While the iPhone and Google’s HTC-made G1 may be introducing a more consumer-oriented market to the smartphone, it is still very much a business tool.
The high-end handsets are being used to carry increasing amounts of confidential data, yet only 35 per cent of companies have a mobile device security strategy in place.
Smartphone.biz-news.com spoke to Larry Ketchersid, chairman and CEO of Media Sourcery, about how it’s helping enterprises with mobile workforces securely distribute confidential information.
Epitomised by RIM’s BlackBerry, with its reputation for secure email and text messaging, smartphones remain a powerful data communication tool for companies.
Larry Ketchersid, chairman and CEO of Media Sourcery, believes that role is likely to gain in importance as more enterprises latch on to the benefits of utilising smartphone-based products.
But security and data regulations have to be a major consideration when dealing with highly sensitive information.
His company has developed a secure smartphone application called Mobile Data Messenger (MDM) that allows the sending and receiving of encrypted traffic.
It securely transfers data files through a network without the need to use E-mail or FTP, or having to burning CDs or DVDs and sending them via snail mail or courier.
Intended for use in virtually any size of organisation, it also enables companies to do away with the need for significant numbers of paper forms and provides real-time information that can be integrated directly into a data system.
Ketchersid said the result was secure data transmission – but also increased productivity.
“Security is great, and it’s required, but when it gets down to doing the ROI, the company and CEO are looking for simplified and improved accuracy and efficiency for their mobile workforce,” he said.
Ketchersid said the MDM package was written in Java and was already being used by a major US healthcare company on its BlackBerries.
“Security of patient health information is required in the US by the HIPAA regulations, and our solution solves that and other problems, such as the removal of paper forms, automation of data entry, cleaner data, mobilization of their application and so on, for our customers,” he said.
Ketchersid said MDM wasn’t restricted to the RIM handsets or the BlackBerry encrypted enterprise server.
The package has been adapted for use on Nokia’s S60 platform at the request of the Finnish phone manufacturer.
Media Sourcery has also just completed a request by HTC to port the application to Windows Mobile and Ketchersid said he was keeping a close watch on Android to see if it became more enterprise focussed in the future.
“By having Symbian 60 and RIM, we have the two big ones,” he said. “So we have a pretty large market share.”
Ketchersid said MDM was initially intended for use in heavily-regulated industries with a need for high security and audit trails.
All transactions are encrypted and tracked for full regulatory compliance and once securely sent and succesfully received, confidential data is wiped from a smartphone’s memory.
Simplicity Essential For High Adoption Rates
Ketchersid said a prime example of the importance of this was in the healthcare industry, which has a mix of technically-trained staff and employees with low technical skills.
“Our biggest customer in the US is the country’s largest hospice company,” he said.
“We provide a user interface for healthcare workers to enter patients’ data, which is then sent back to the company’s database and automatically integrated into the back-end health information system.
“What we have to do where the customer is not as used to smartphones as in other industries is make the application very simple.
“We are talking about making the transfer from filling out a paper form, yet it has to be something everyone can do.”
But Ketchersid said feedback from the client was good, adding: “They are loving it and asking us to put all the forms they have on it.”
The MDM package is either sold as a hosted subscription service or as a software version for companies to manage themselves.
Ketchersid said the decision on which version to adopt came down to whether IT departments wanted to have complete control of their own systems.
MDM is also being used in the oil industry where security is an important feature, as are GPS requirements, a timestamp and automatic integration.
“We have a customer in the oil field professional services that has to go out to remote locations,” said Ketchersid. “What they really need is an audit trail to show they were at a site and did tasks.

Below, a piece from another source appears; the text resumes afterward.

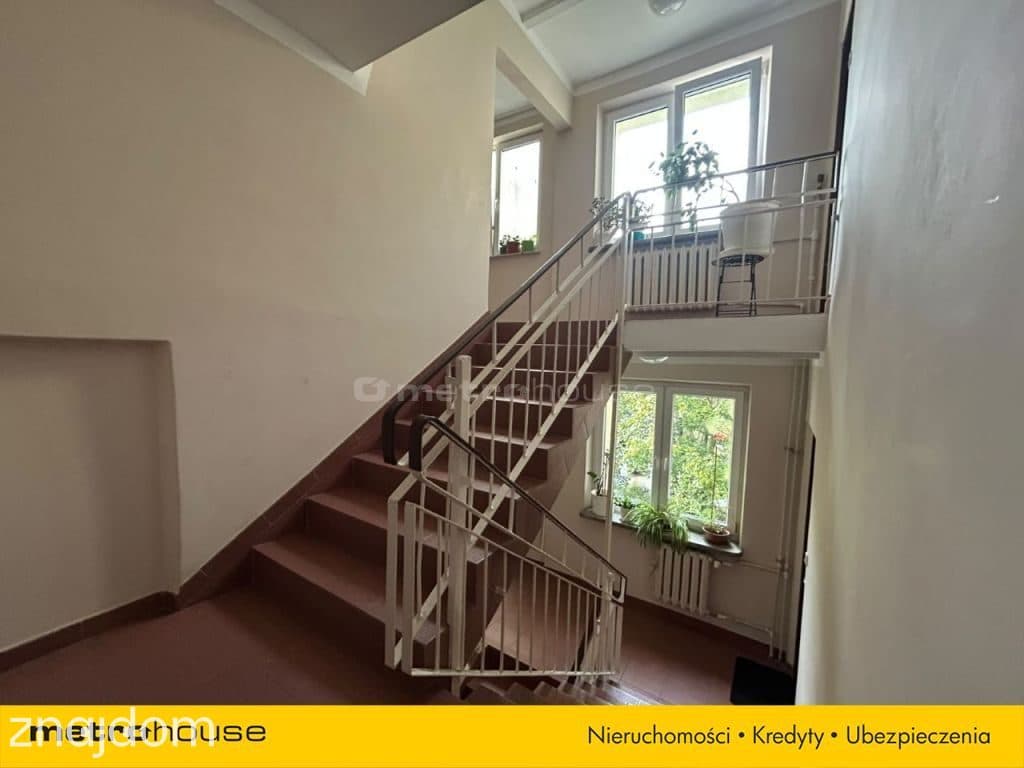 Metro Natolin  Narożne 53m²  Pewna KW / Kredyt - zdjęcie 15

It’s like a timesheet on steroids.”
He said there was a growing market for MDM from companies looking for a forms package with Media Sourcery’s security built into it.

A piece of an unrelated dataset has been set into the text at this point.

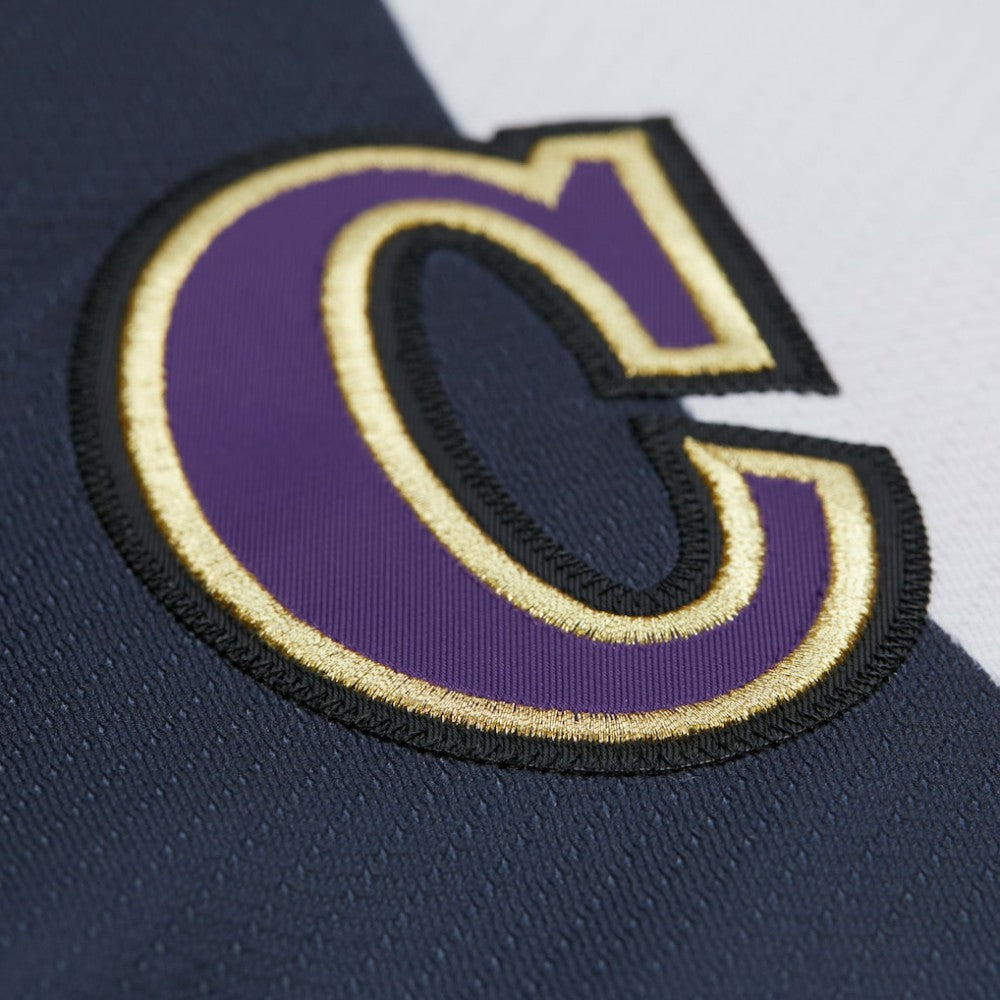Wayne Gretzky Los Angeles Kings Mitchell & Ness 1995-96 Power Play Jersey - White | NHL Jerseys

Aside from the healthcare and oil industries, MDM is being used in the legal profession.
Potential future uses include a law enforcement project where officers are required to record possible evidential data or prove a vehicle was stopped.
“It’s a pretty open field. We got started in the healthcare market and will continue to have healthcare customers but are expanding out from that,” he said.
“There are so many possibilities. It’s really going to be where the customer demand comes from.”